One of the Chariot schemes involved chaining five thermonuclear devices to create the artificial harbor.

Project Chariot was a 1958 US Atomic Energy Commission proposal to construct an artificial harbor at Cape Thompson on the North Slope of the U.S. state of Alaska by burying and detonating a string of nuclear explosions. The plan was championed by Edward Teller, who traveled throughout the state touting the harbor as an important economic development for America's newest state. Alaskan political leaders, newspaper editors, the state university's president, even church groups all rallied in support of the massive detonation. Opposition came from the tiny Inupiat Eskimo village of Point Hope, a few scientists engaged in environmental studies under AEC contract, and a handful of conservationists. The grassroots protest soon was picked up by organizations with national reach, such as the Wilderness Society, the Sierra Club, and Barry Commoner's Committee for Nuclear Information. In 1962, facing increased public uneasiness over the environmental risk and the potential to disrupt the lives of the Eskimos, the AEC announced that Project Chariot would be "held in abeyance." It has never been formally canceled. The history of Project Chariot is recounted in the book The Firecracker Boys by Dan O'Neill (originally published in 1994 and revised and reissued in 2007 as The Firecracker Boys: H-Bombs, Inupiat Eskimos, and the Roots of the Environmental Movement).

In addition to the objections of the local population, no practical use of such a harbor was ever identified. The environmental studies commissioned by the AEC suggested that radioactive contamination from the proposed blast could adversely affect the health and safety of the local people, whose livelihoods were based on hunting animals. The investigations noted that radiation from world-wide fallout was moving with unusual efficiency up the food chain in the Arctic, from lichen (a tundra plant), to caribou (which fed on lichen), to man (for whom caribou was a primary food source). The political implications of detonating a nuclear explosion in Northwest Alaska, virtually on the doorstep of the Soviet Union, may also have had an effect on the project's abandonment.
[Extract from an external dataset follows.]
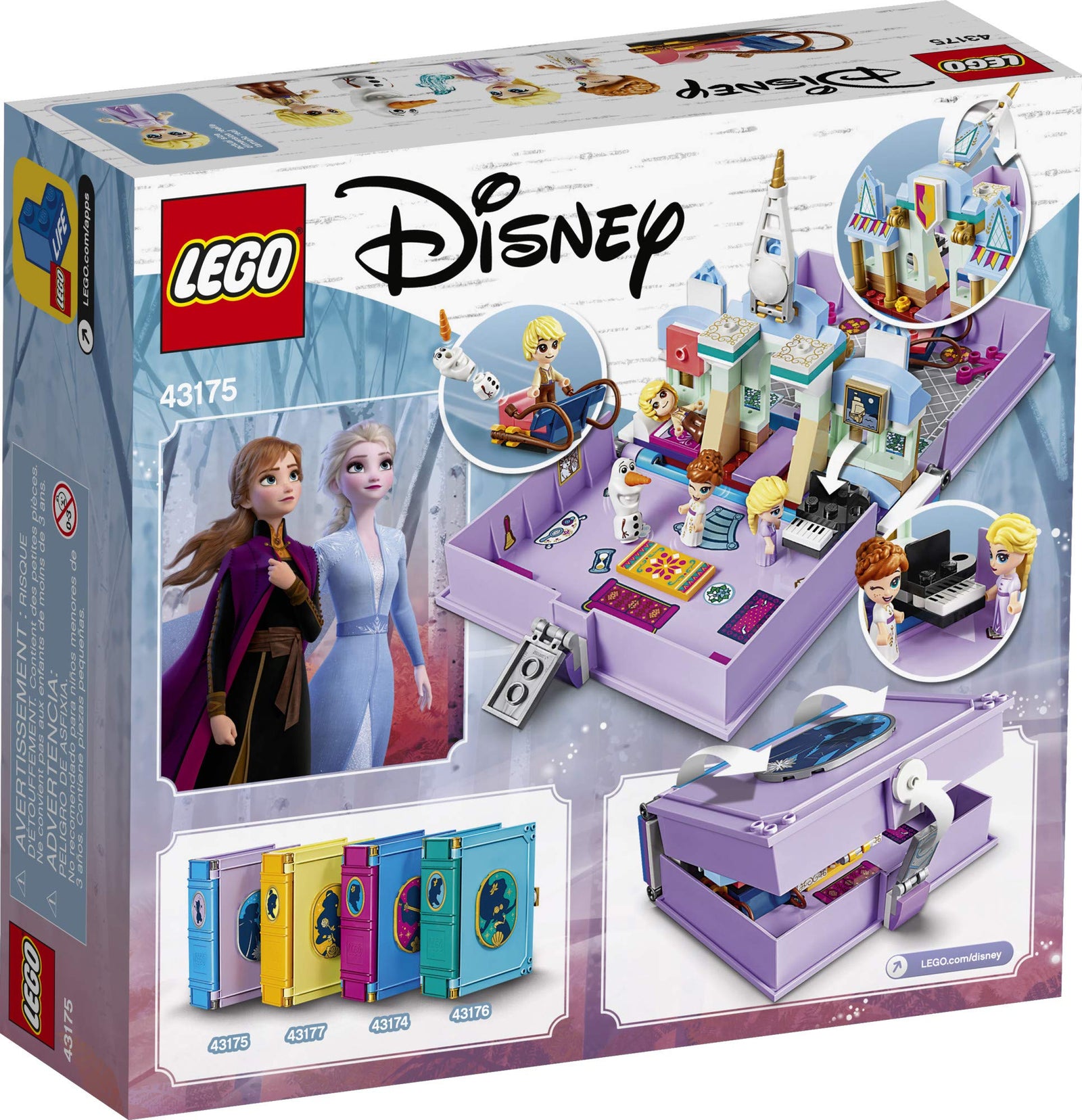 LEGO Disney Anna and Elsa’s Storybook Adventures 43175 Creative Building Kit for Fans of Disney’s Frozen 2 (133 Pieces)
Although the detonation never occurred, the site was radioactively contaminated by an experiment to estimate the effect on water sources of radioactive ejecta landing on tundra plants and subsequently washed down and carried away by rains. Material from a 1962 nuclear explosion at the Nevada Test Site was transported to the Chariot site in August 1962, used in several experiments, then buried. Thirty years later, the disposal was discovered in archival documents by a University of Alaska researcher. State officials immediately traveled to the, site and found low levels of radioactivity at a depth of two feet (60 cm) in the burial mound. Outraged residents of the Inupiat village of Point Hope demanded the removal of the contaminated soil, which the government did at considerable expense.